──────── Information provided

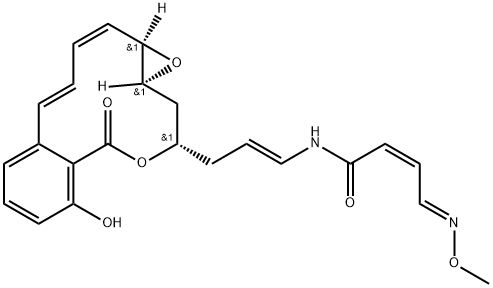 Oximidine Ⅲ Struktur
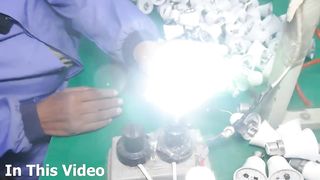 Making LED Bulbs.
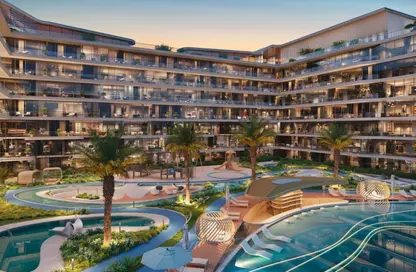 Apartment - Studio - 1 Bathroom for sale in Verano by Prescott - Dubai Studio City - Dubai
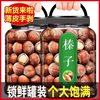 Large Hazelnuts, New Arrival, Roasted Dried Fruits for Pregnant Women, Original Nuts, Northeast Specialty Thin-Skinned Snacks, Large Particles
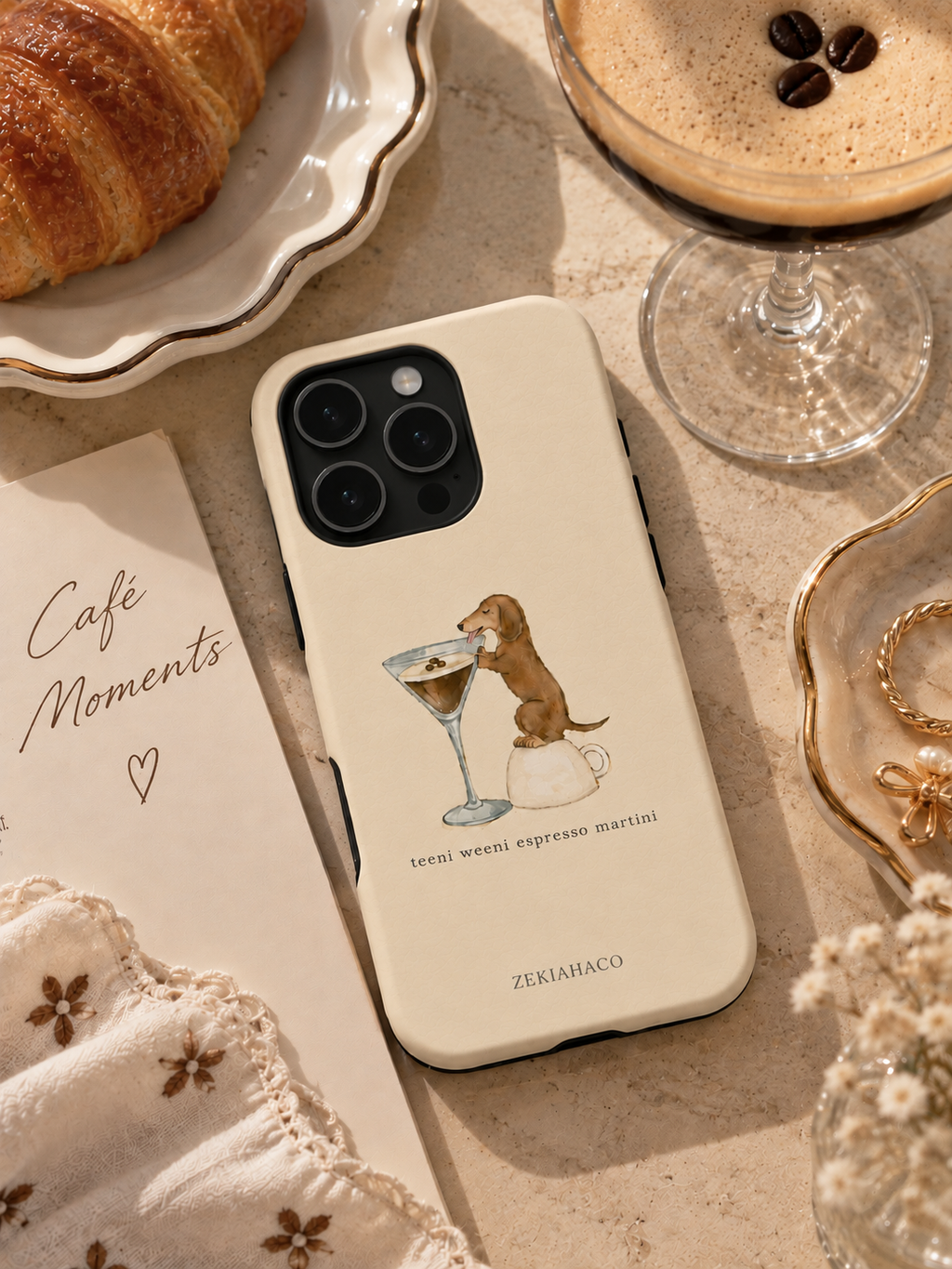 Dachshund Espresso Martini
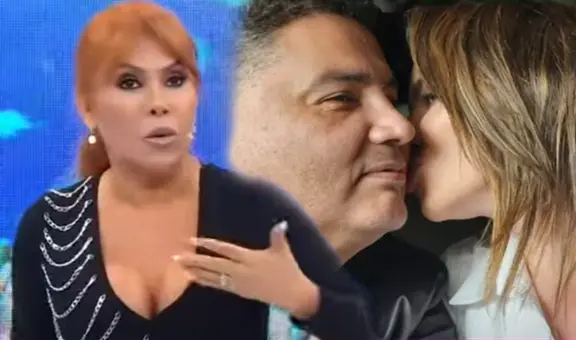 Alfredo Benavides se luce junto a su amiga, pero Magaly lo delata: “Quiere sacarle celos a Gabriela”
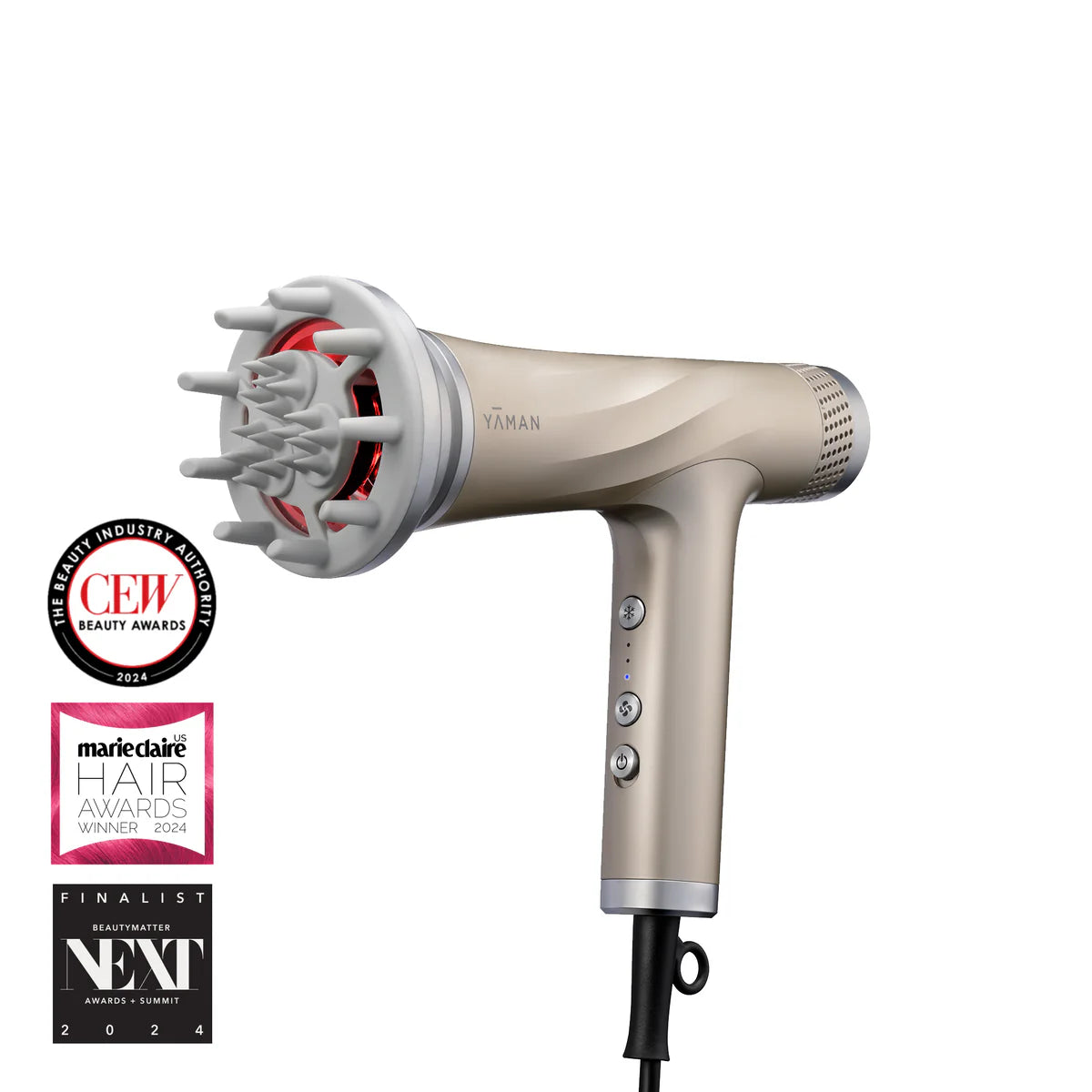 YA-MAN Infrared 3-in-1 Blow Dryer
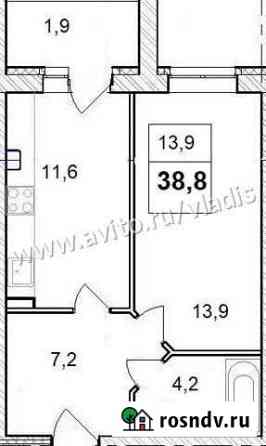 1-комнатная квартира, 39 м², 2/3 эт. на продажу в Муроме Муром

────────────────
──────── Information provided

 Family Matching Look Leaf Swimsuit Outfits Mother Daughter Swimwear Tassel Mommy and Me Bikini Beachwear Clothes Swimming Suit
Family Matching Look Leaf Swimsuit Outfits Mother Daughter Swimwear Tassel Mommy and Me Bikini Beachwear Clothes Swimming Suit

────────────────
──────── Information provided

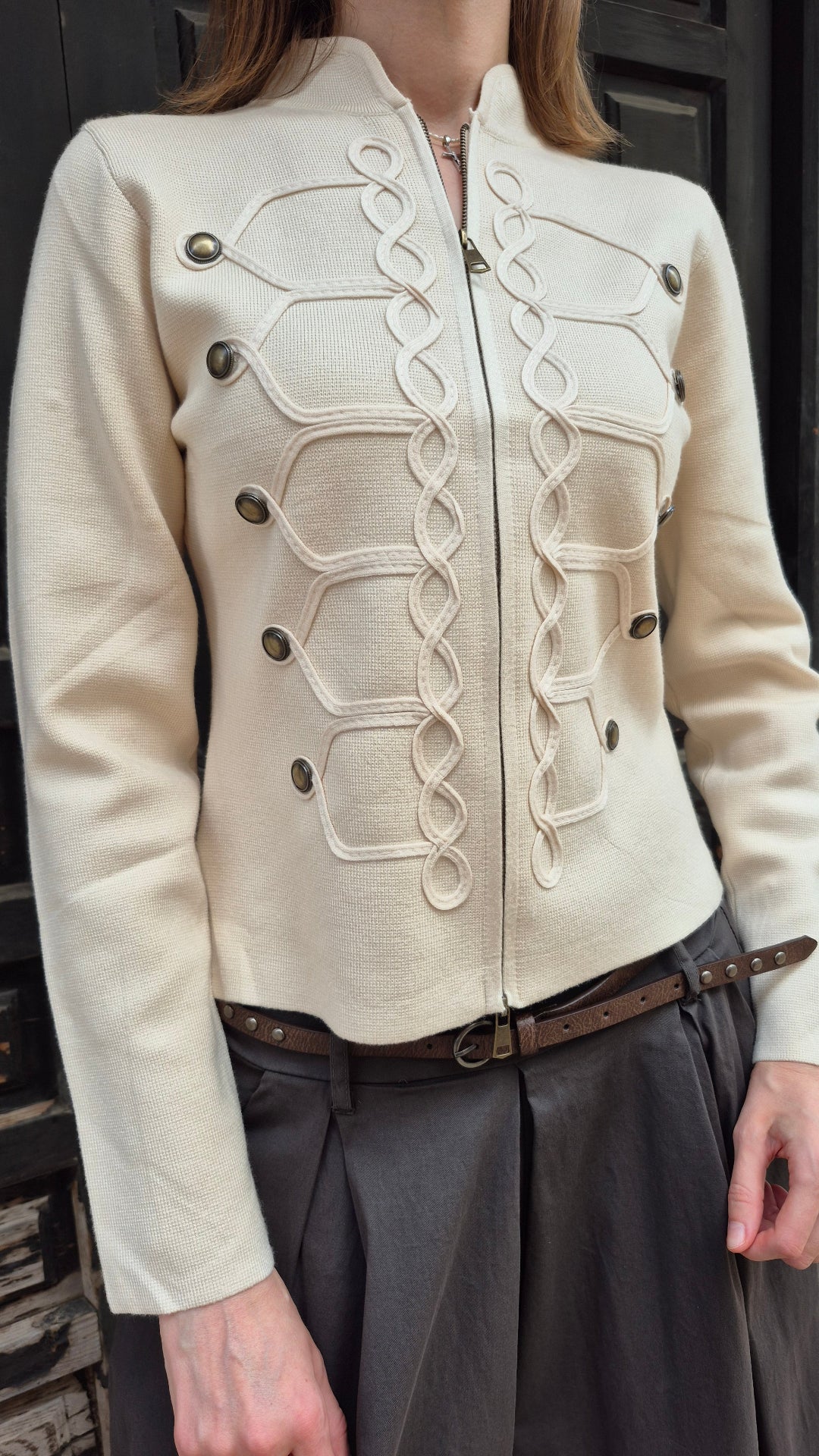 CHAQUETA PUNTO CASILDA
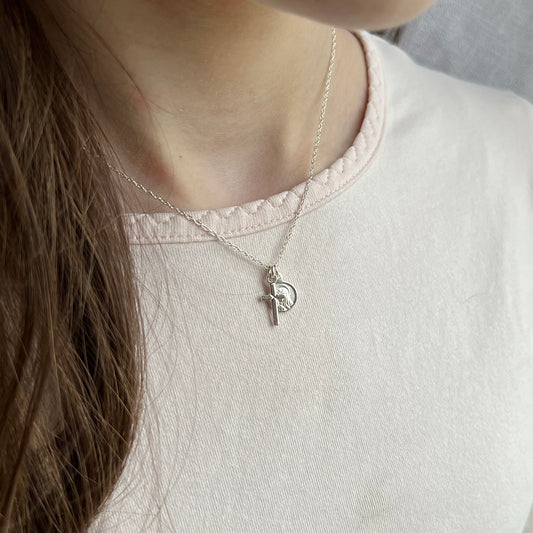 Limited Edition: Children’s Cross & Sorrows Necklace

────────────────

_Instructions for the task_
Could you transcribe exactly the entries above, but only the lines from the one with "Oximidine Ⅲ Struktur" through the one with "YA-MAN Infrared 3-in-1 Blow Dryer", and without pictures?

_Reply to the task_
 Oximidine Ⅲ Struktur
 Making LED Bulbs.
 Apartment - Studio - 1 Bathroom for sale in Verano by Prescott - Dubai Studio City - Dubai
 Large Hazelnuts, New Arrival, Roasted Dried Fruits for Pregnant Women, Original Nuts, Northeast Specialty Thin-Skinned Snacks, Large Particles
 Dachshund Espresso Martini
 Alfredo Benavides se luce junto a su amiga, pero Magaly lo delata: “Quiere sacarle celos a Gabriela”
 YA-MAN Infrared 3-in-1 Blow Dryer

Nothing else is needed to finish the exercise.